Records provided:
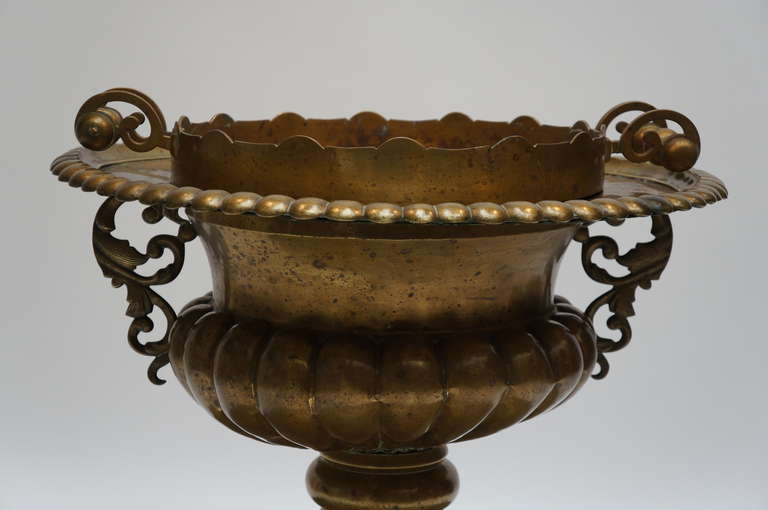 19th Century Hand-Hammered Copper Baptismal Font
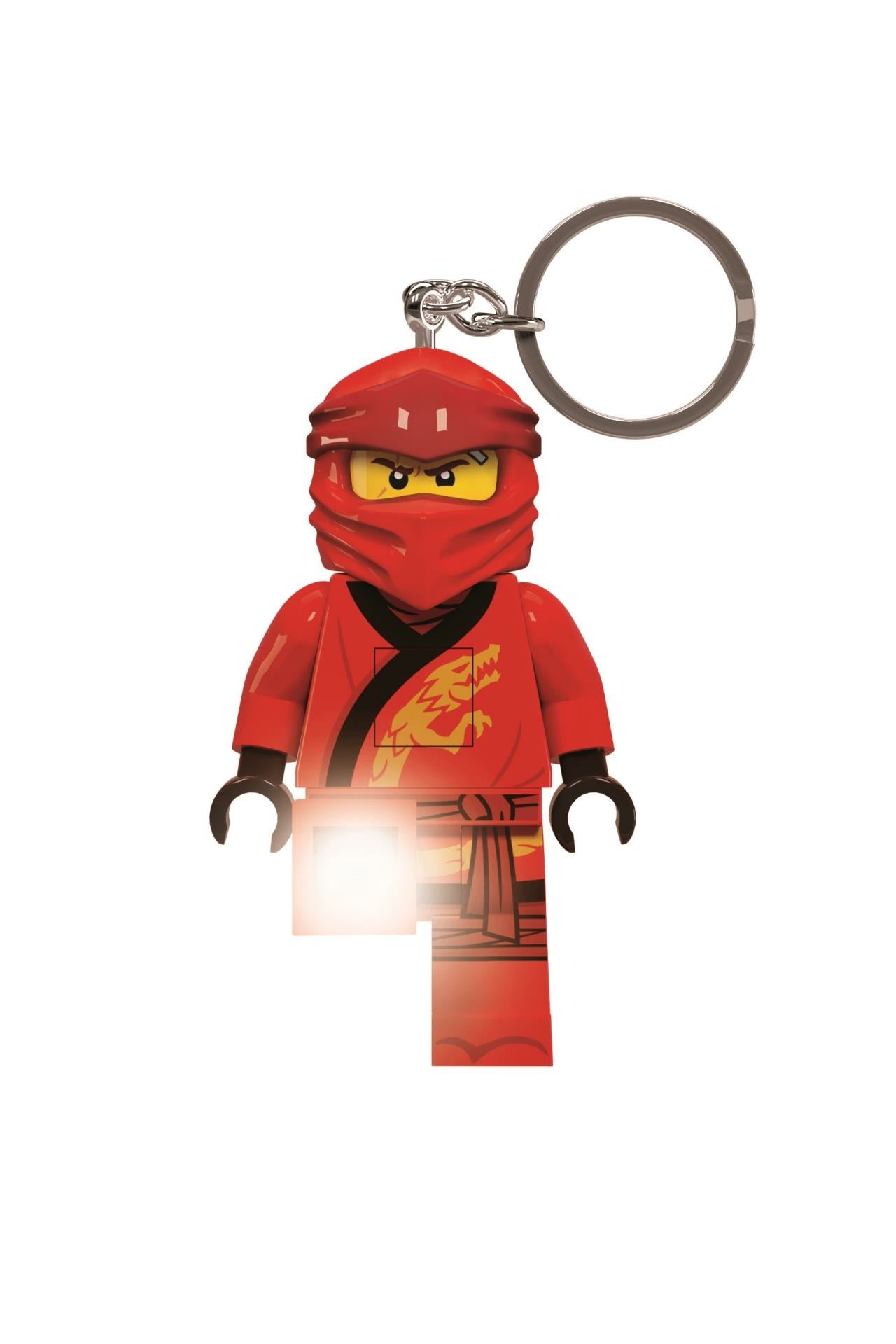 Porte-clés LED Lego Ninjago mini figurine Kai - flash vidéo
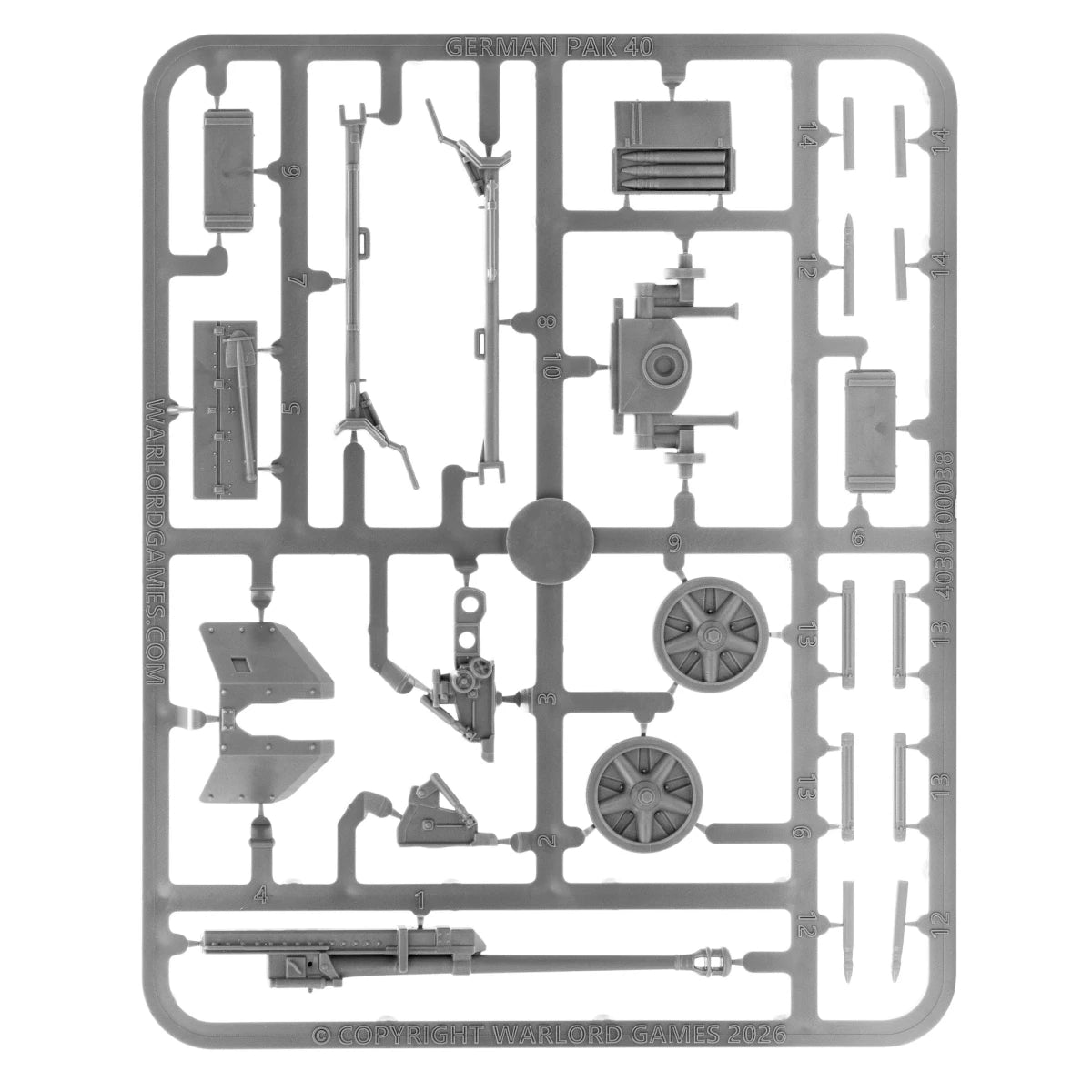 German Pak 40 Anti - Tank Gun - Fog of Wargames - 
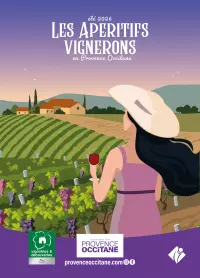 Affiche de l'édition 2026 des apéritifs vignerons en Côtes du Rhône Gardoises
* * *
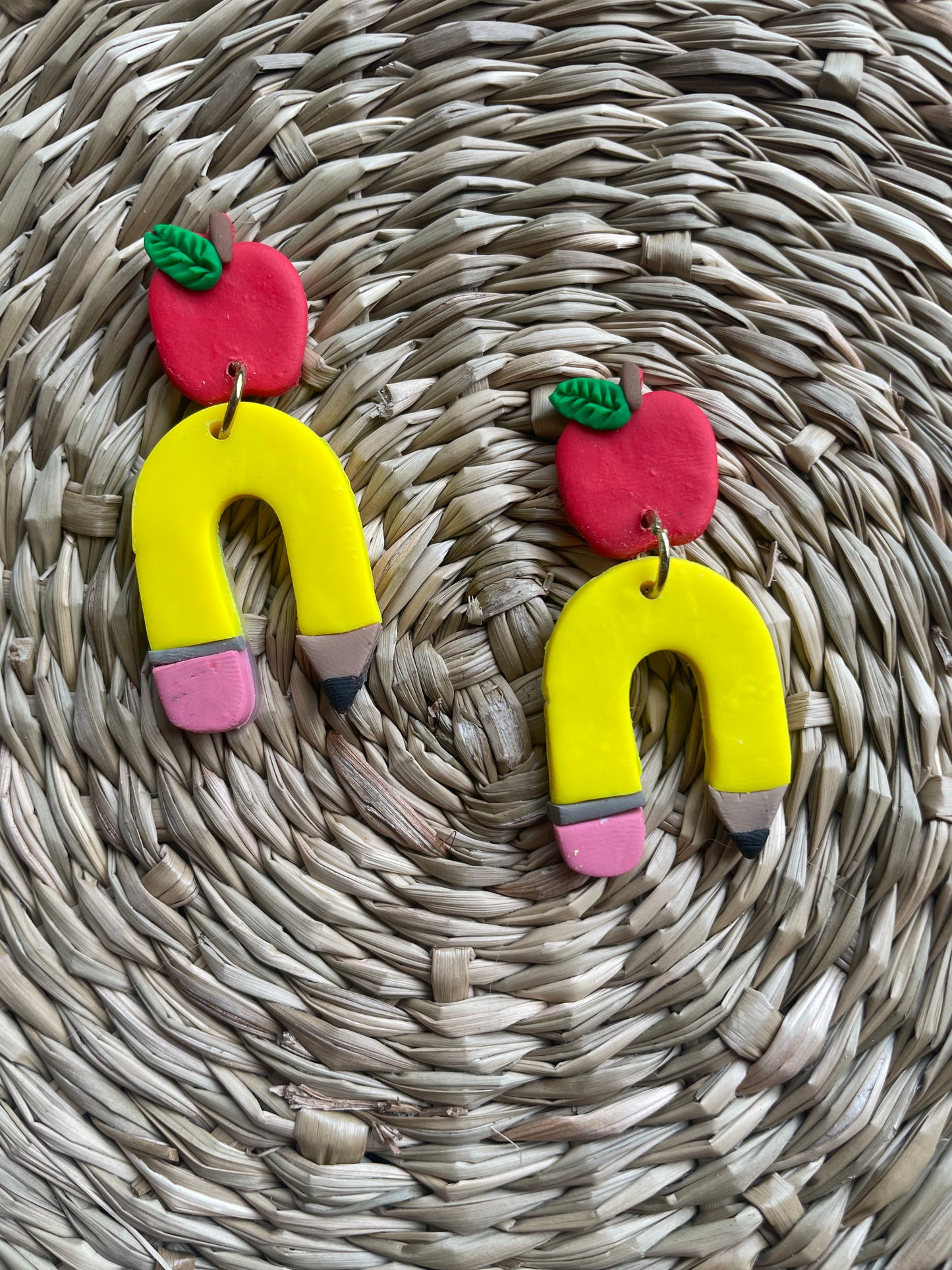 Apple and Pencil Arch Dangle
==
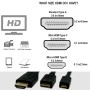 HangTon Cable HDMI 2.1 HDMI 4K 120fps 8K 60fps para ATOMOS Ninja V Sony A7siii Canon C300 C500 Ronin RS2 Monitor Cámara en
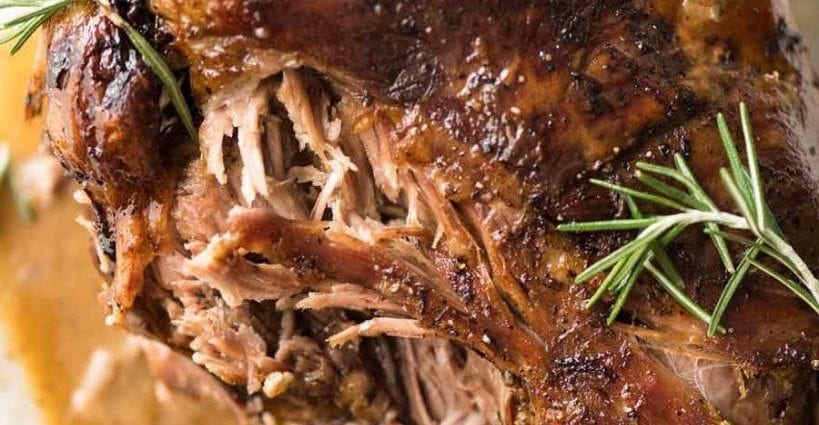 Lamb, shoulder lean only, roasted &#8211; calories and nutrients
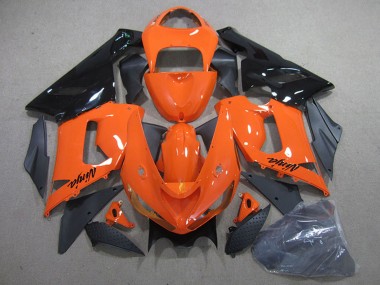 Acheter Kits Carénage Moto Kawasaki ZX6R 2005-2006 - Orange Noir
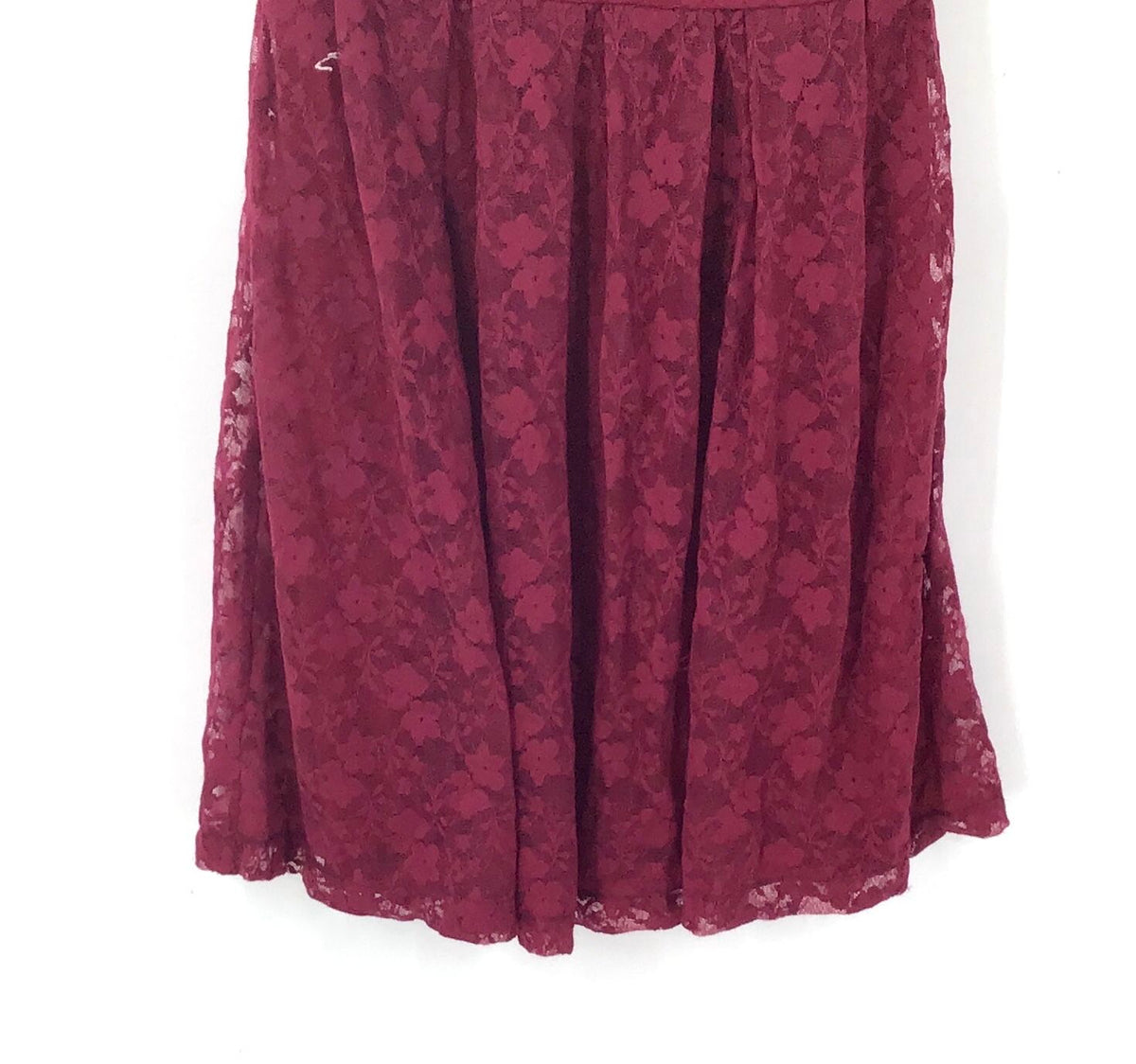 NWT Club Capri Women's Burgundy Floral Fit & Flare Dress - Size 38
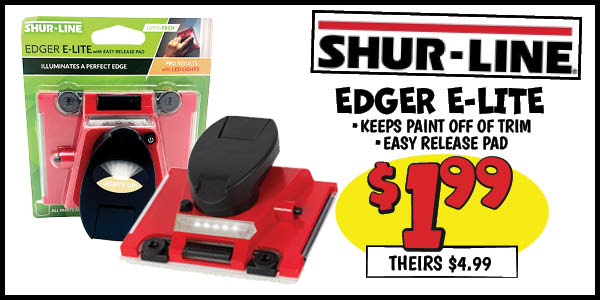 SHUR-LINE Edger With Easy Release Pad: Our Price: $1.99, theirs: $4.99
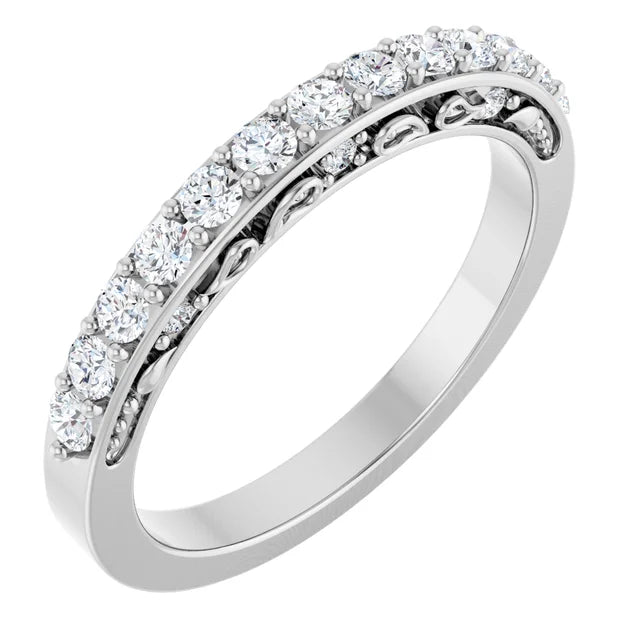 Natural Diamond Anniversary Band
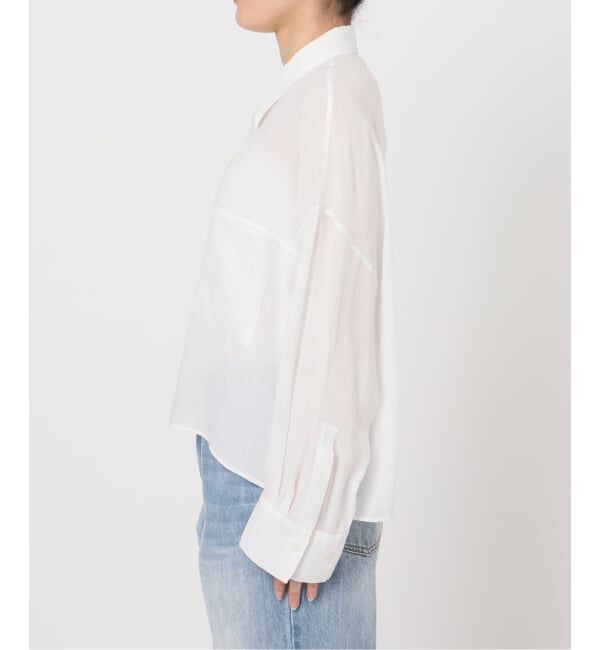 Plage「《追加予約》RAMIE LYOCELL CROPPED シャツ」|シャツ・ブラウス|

Your goal: Out of the records above, please copy exactly the lines from the line with "NWT Club Capri" up to and including the line with "Plage「《追加予約》RAMIE LYOCELL CROPPED", minus the pictures.

Answer to this problem:
 NWT Club Capri Women's Burgundy Floral Fit & Flare Dress - Size 38
 SHUR-LINE Edger With Easy Release Pad: Our Price: $1.99, theirs: $4.99
 Natural Diamond Anniversary Band
 Plage「《追加予約》RAMIE LYOCELL CROPPED シャツ」|シャツ・ブラウス|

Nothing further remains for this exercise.